■ **Data**:
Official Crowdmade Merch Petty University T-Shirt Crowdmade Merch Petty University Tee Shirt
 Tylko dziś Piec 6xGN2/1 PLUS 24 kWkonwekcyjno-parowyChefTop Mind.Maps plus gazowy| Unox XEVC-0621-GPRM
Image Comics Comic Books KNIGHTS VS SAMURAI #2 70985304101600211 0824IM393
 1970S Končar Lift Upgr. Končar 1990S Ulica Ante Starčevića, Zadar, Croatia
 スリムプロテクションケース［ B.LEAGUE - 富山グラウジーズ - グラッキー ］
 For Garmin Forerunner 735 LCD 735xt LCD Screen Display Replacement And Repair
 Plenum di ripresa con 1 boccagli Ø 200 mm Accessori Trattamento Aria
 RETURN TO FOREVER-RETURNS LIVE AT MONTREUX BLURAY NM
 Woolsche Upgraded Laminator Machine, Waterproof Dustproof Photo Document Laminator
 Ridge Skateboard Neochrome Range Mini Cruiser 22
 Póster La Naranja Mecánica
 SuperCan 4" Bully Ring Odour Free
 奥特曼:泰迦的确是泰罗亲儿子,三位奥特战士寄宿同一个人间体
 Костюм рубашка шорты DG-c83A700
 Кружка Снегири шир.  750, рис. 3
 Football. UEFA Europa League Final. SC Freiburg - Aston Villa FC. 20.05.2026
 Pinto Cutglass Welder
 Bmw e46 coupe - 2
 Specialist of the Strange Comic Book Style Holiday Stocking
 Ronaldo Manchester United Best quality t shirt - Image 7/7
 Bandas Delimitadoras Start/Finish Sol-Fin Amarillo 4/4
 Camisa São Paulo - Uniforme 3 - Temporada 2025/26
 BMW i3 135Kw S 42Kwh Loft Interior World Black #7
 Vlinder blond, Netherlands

■ **What to produce**:
In the listing above, find the line containing "RETURN TO FOREVER-RETURNS" and the line containing "Bandas Delimitadoras Start/Finish", then repeat those two lines and everything between them exactly.

■ **Written response**:
 RETURN TO FOREVER-RETURNS LIVE AT MONTREUX BLURAY NM
 Woolsche Upgraded Laminator Machine, Waterproof Dustproof Photo Document Laminator
 Ridge Skateboard Neochrome Range Mini Cruiser 22
 Póster La Naranja Mecánica
 SuperCan 4" Bully Ring Odour Free
 奥特曼:泰迦的确是泰罗亲儿子,三位奥特战士寄宿同一个人间体
 Костюм рубашка шорты DG-c83A700
 Кружка Снегири шир.  750, рис. 3
 Football. UEFA Europa League Final. SC Freiburg - Aston Villa FC. 20.05.2026
 Pinto Cutglass Welder
 Bmw e46 coupe - 2
 Specialist of the Strange Comic Book Style Holiday Stocking
 Ronaldo Manchester United Best quality t shirt - Image 7/7
 Bandas Delimitadoras Start/Finish Sol-Fin Amarillo 4/4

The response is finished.